- Assignment: Quote exactly and only this range of lines in the data below: the line that holds "Seorang pria duduk" to the line that holds "Modern concrete courtyard", both included.

- Supplied records:

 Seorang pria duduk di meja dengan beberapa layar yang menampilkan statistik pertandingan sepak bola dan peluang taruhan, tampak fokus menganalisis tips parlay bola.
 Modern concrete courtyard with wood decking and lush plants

--

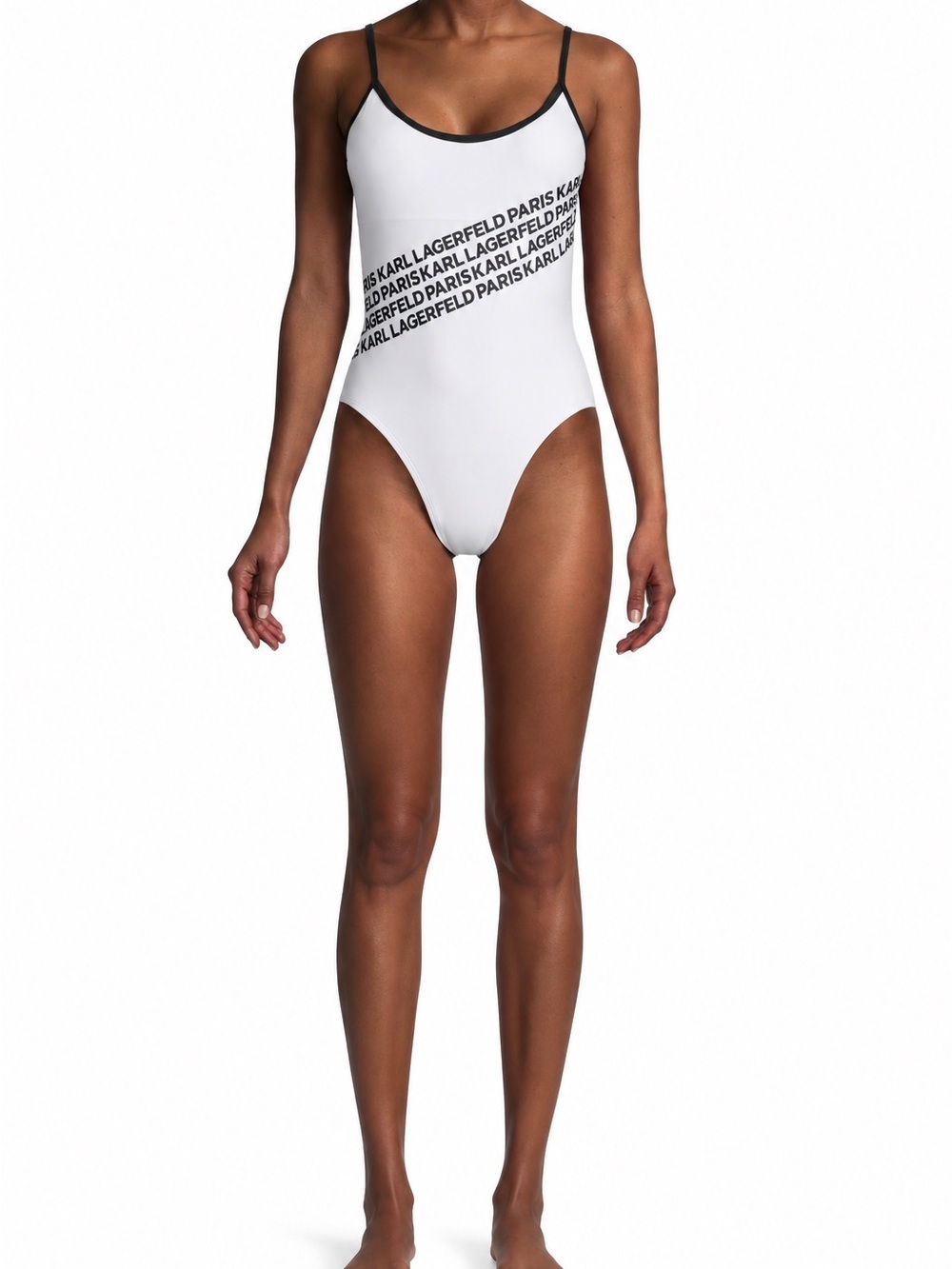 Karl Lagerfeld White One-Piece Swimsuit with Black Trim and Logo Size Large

- Output below:
 Seorang pria duduk di meja dengan beberapa layar yang menampilkan statistik pertandingan sepak bola dan peluang taruhan, tampak fokus menganalisis tips parlay bola.
 Modern concrete courtyard with wood decking and lush plants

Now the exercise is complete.